Opening this month, Canopy by Hilton Atlanta Midtown highlights local artwork and design
STORY: Claire Ruhlin
Situated steps away from attractions such as the High Museum of Art and the Alliance Theatre, Midtown’s new, 15-story Canopy by Hilton Hotel borrows inspiration from the neighborhood’s vibrant arts scene and culinary landscape.
“The Canopy Culture is defined by who we are and how we interact with each other, our guests, our partners and our neighborhood,” says Vincent Bucci, chief enthusiast at Canopy by Hilton Atlanta Midtown. Partially owned and operated by Concord Hospitality, developed by Greystar and Whitman Peterson and designed by R2L:Architects, the hotel operates with the slogan “Positively Yours.”
“Thoughtful local choices and surprising extras have been part of the brand DNA since its inception,” Bucci says. “Each property is a natural extension of its neighborhood as seen through local design, food and drink, and culture.”
Encompassing 176 rooms and four large Canopy suites with large windows offering city views, the hotel also offers a Canopy Retreat work or lounge area, more than 3,000 square feet of meeting space, an outdoor terrace and fireplace, a fitness room, a market and a curated cafe. One corner of the building is made entirely of glass, providing sweeping views of the downtown skyline.
The hotel also planted greenery along West Peachtree and worked with MARTA to relocate a subway stair enclosure that was previously obstructing pedestrian use of the sidewalk. It’s an approach that Bucci describes as modern yet functional. “That is one of our main goals at Canopy—making the hotel flow seamlessly into the surrounding environment.”

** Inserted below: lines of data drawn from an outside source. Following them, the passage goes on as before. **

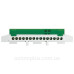 Шина заземлення SEZ E 4173-15/Z IP20 (E.4173-15/Z) зелена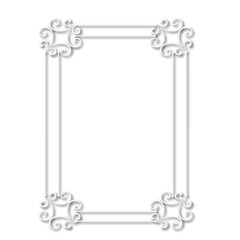 Frame, in the style of an ornament, Vector illustration eps 10, Art.	
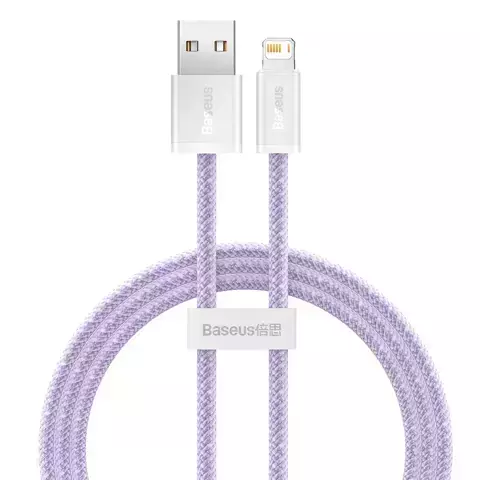 Baseus Dynamisches USB-zu-Lightning-Kabel, 2,4 A, 1 m (lila)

Decorated by design firm Krause Sawyer, the building also showcases work by Atlanta artists Kevin Chambers, Ryan Coleman and Emily Mann throughout—including a paint-lid wall, a custom mural in the lobby and stacked canvases. “Each of these artists has his or her own unique history in Atlanta, and therefore a unique take on what’s local,” Bucci says. “Regardless of who’s viewing it, it creates an attachment to the community.”